I assembled an pandas dataframe of about 200k rows and 10 columns via rest api, which takes about 1 minute.
If I then want to convert it to the knime output table by doing knio.output_tables[0] = knio.Table.from_pandas(final_table), that takes forever (I quit after 30 minutes, this only takes seconds when doing it outside of knime).
Is this normal? Python nodes seem useless when working with larger datasets in this case.
that is a bit odd - can you share some more details?
I tried to replicate with some sample data incl. Logging timing (you should be able to copy&paste into a Python Script node):
import knime.scripting.io as knio
# This example script creates an output table containing randomly drawn integers using numpy and pandas.
import numpy as np
import pandas as pd
import time
# Function to display timestamps and durations
def log_duration(start_time, step):
duration = time.time() - start_time
print(f"{step} took {duration:.4f} seconds")
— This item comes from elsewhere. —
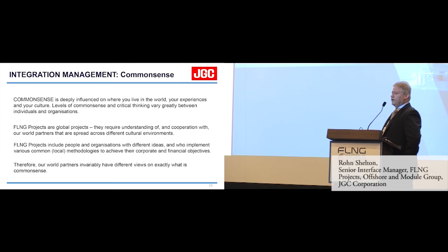So when we're working in an industry with many cultural environments, we have to think about common sense. FLNG projects are global projects requiring understanding of and cooperation with parties spread across different cultural environments — people with different ideas and different upbringings who implement various local methodologies to achieve their corporate and financial objectives. Why should we not accept that our world partners may have different views on common sense?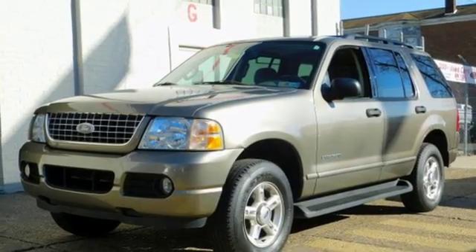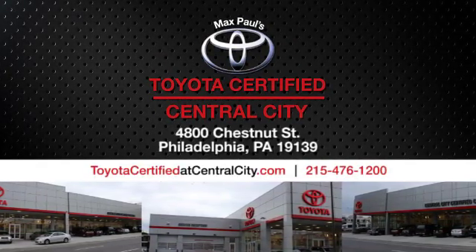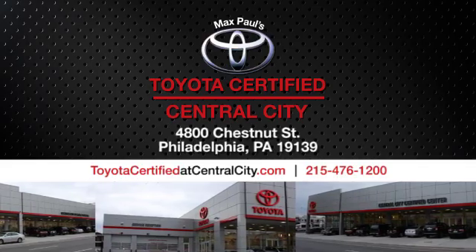Stop in for a test drive and make it yours today. Max Paul's Toyota certified at Central City. Come see us today. We're located at 4800 Chestnut Street in Philadelphia, PA.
# Step 1: Start the timer for array creation
start_time = time.time()
# Creating a numpy array with 200k rows and 10 columns
array = np.random.randn(200000, 10)
log_duration(start_time, "Array creation")
# Step 2: Start the timer for DataFrame conversion
start_time = time.time()
# Converting the numpy array to a pandas DataFrame
df = pd.DataFrame(array, columns=[f'Column_{i+1}' for i in range(10)])
log_duration(start_time, "DataFrame conversion")
# Displaying DataFrame structure again for confirmation
df.head(), df.shape
# log conversion
start_time = time.time()
output = knio.Table.from_pandas(
df
)
log_duration(start_time, "DF to KNIO conversion")
knio.output_tables[0] = output
Here’s the console output:
Array creation took 0.0255 seconds
DataFrame conversion took 0.0010 seconds
DF to KNIO conversion took 0.0600 seconds
Which Version are you running on? Could you check if the above example also takes so long?
Hmm. I changed the example to include strings / int as well:
import knime.scripting.io as knio
# This example script creates an output table containing randomly drawn integers using numpy and pandas.
import numpy as np
import pandas as pd
import time
# Function to display timestamps and durations
def log_duration(start_time, step):
duration = time.time() - start_time
print(f"{step} took {duration:.4f} seconds")
# Step 1: Start the timer for array creation with different data types
start_time = time.time()
# Creating a numpy array with 200k rows for numeric columns
numeric_array = np.random.randn(200000, 5) # 5 columns of type double (float64)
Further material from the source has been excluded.